Non-southern states that are also expected to get more than $1 billion are Michigan, Missouri, California, Pennsylvania and Indiana.
Telecompetitor asked Cartesian why southern states were expected to receive so much BEAD funding. Managing Director Samuel Kornstein responded as follows. (Please note that an “entity” in BEAD jargon is a state or territory.):
We estimated each Entity’s BEAD Funding Allocation using the November 2022 FCC Broadband Map Location data and the funding formula specified by the BEAD statute: the sum of Minimum Allocation, High-Cost Allocation, and Remaining Funds Allocation.
The Minimum Allocation is a fixed $100M for States or $25M for Territories. The High-Cost Allocation fund, which is $4.2B in total, is distributed to each Entity in proportion to their share of locations that are high-cost unserved locations.
To estimate the share of high-cost unserved locations for each Entity, we used Cartesian’s proprietary cost model to determine the census tracts that have the top 10% of costs in the nation to deploy fiber and aggregated the number of unserved locations in these census tracts by State and Territory.
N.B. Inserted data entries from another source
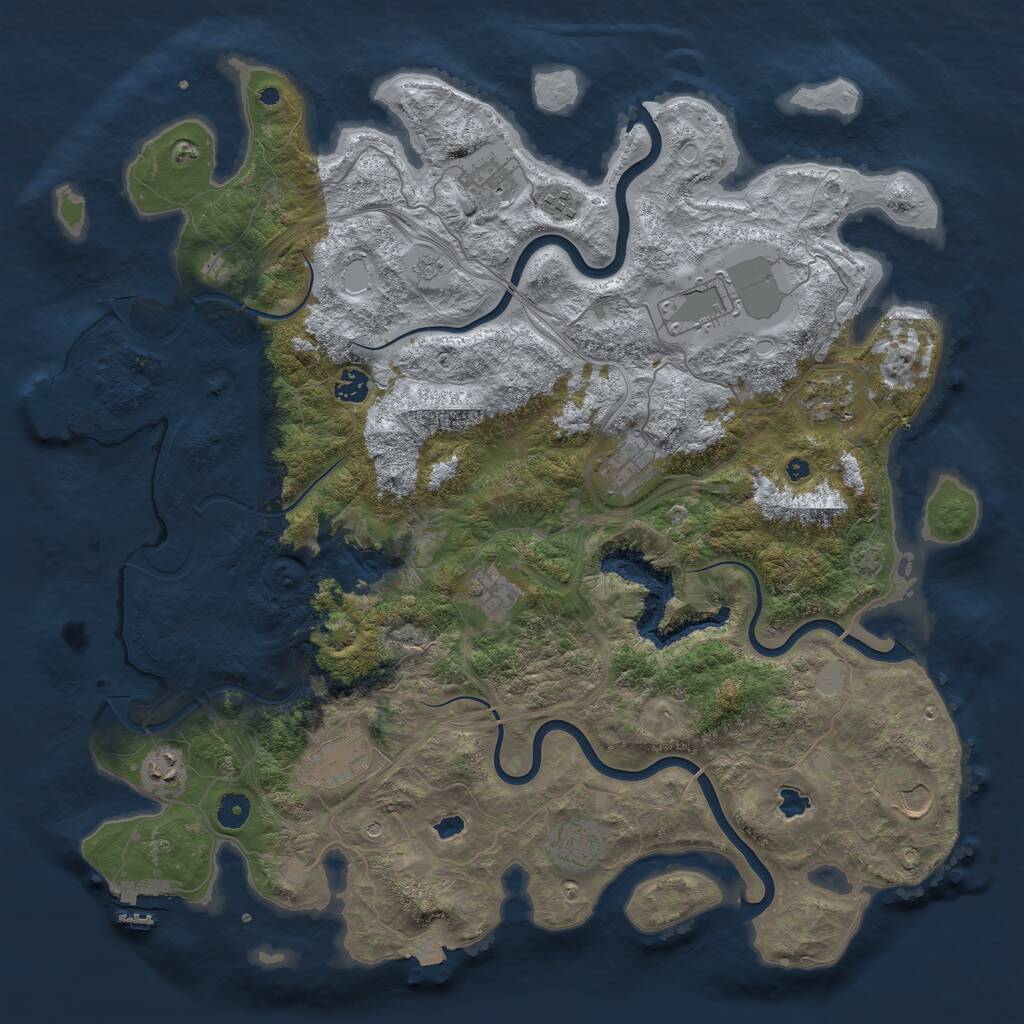 Rust Map: Procedural Map, Size: 4500, Seed: 1591999953, 17 Monuments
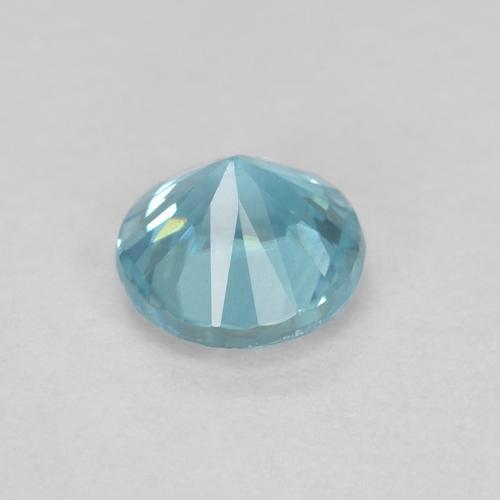 0.39캐럿 천연 밝은 녹색을 띤 파란색 지르콘, 라운드 컷, 3.95 mm, VS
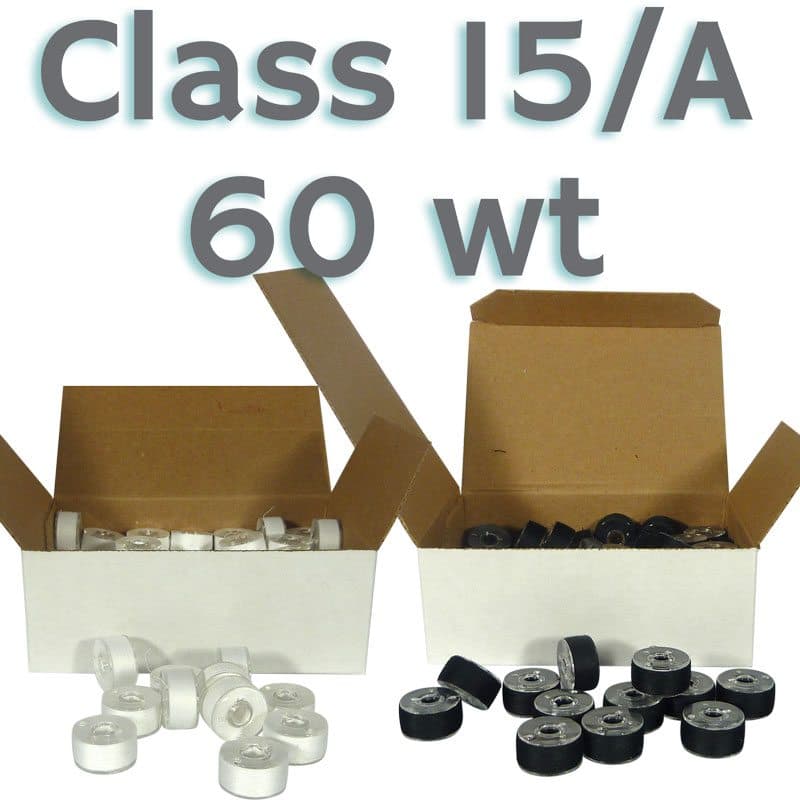 Clear-Glide Bobbins Class 15/A 60wt. – 80 bobbins/box – For Domestic Machines - View 1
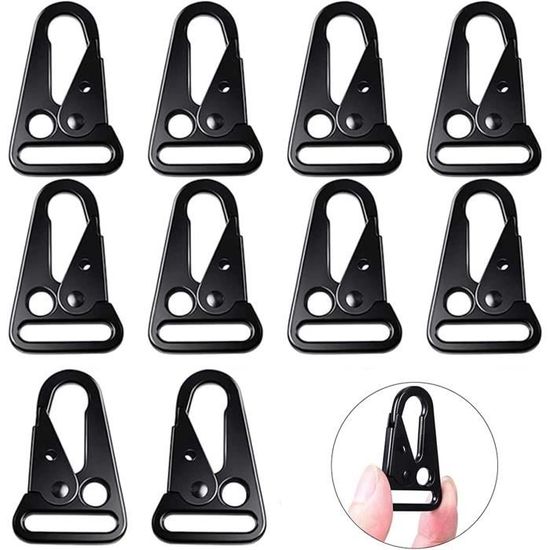 Lot De 12 Mousquetons En Plastique Tactiques - Anneaux En D Verrouillables - Pour Camping, Randonnée, Sac à Dos, Chien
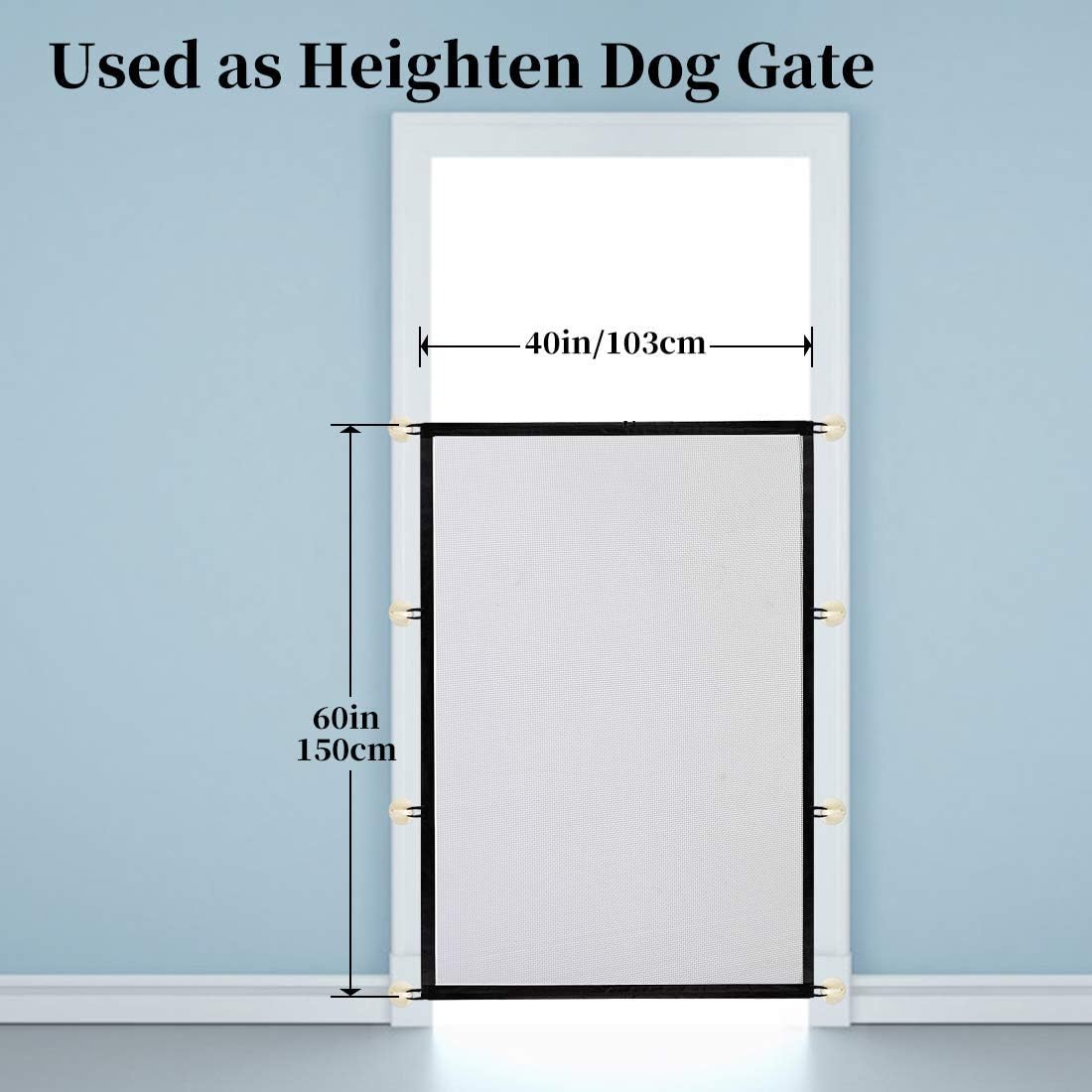 43x59 in Magic Gate Heighten Dog Gate 14 Hooks Portable Folding Pet Gate Safe Guard Isolated Gauze Indoor and Outdoor Install Anywhere (Black)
Finally, the Remaining Funds Allocation, which is $33B in total, is distributed in proportion to each Entity’s share of the nation’s unserved locations in its own State/Territory.
Given the structure of the BEAD Funding formula, many States/Territories may receive a higher amount of funding due to a higher share of unserved locations. For example, we estimate Louisiana to receive $1.3B total funds, since its share of unserved locations is 3.6%, compared to the national average of 2%. Similarly, Georgia and Florida are expected to receive $1.5B total funds each since both states have a 4% share of unserved locations.
We’d also like to call out that the FCC Broadband Maps Data will be refined to reflect the availability challenge process and new builds. Consequently, when the BEAD Allocations are announced later this year, we expect the State/Territory funding allocations to differ slightly from our estimates, as the allocations will be based on newer and updated FCC Broadband Maps data.
Not all states are content with the amount of funding they are expected to receive. A bill introduced by senators from Nevada and South Dakota would require the FCC to make certain updates to the broadband map prior to the allocation of BEAD funding, thereby delaying those allocations.
Unsurprisingly both states are expected to get less than $300 million, putting them in 37th and 39th place among the 50 states, according to the Cartesian estimates.
It is unclear how much support the proposed legislation is likely to receive, however, considering that some states do not want the allocations to be delayed, arguing that doing so would not materially impact the results but would delay deployments.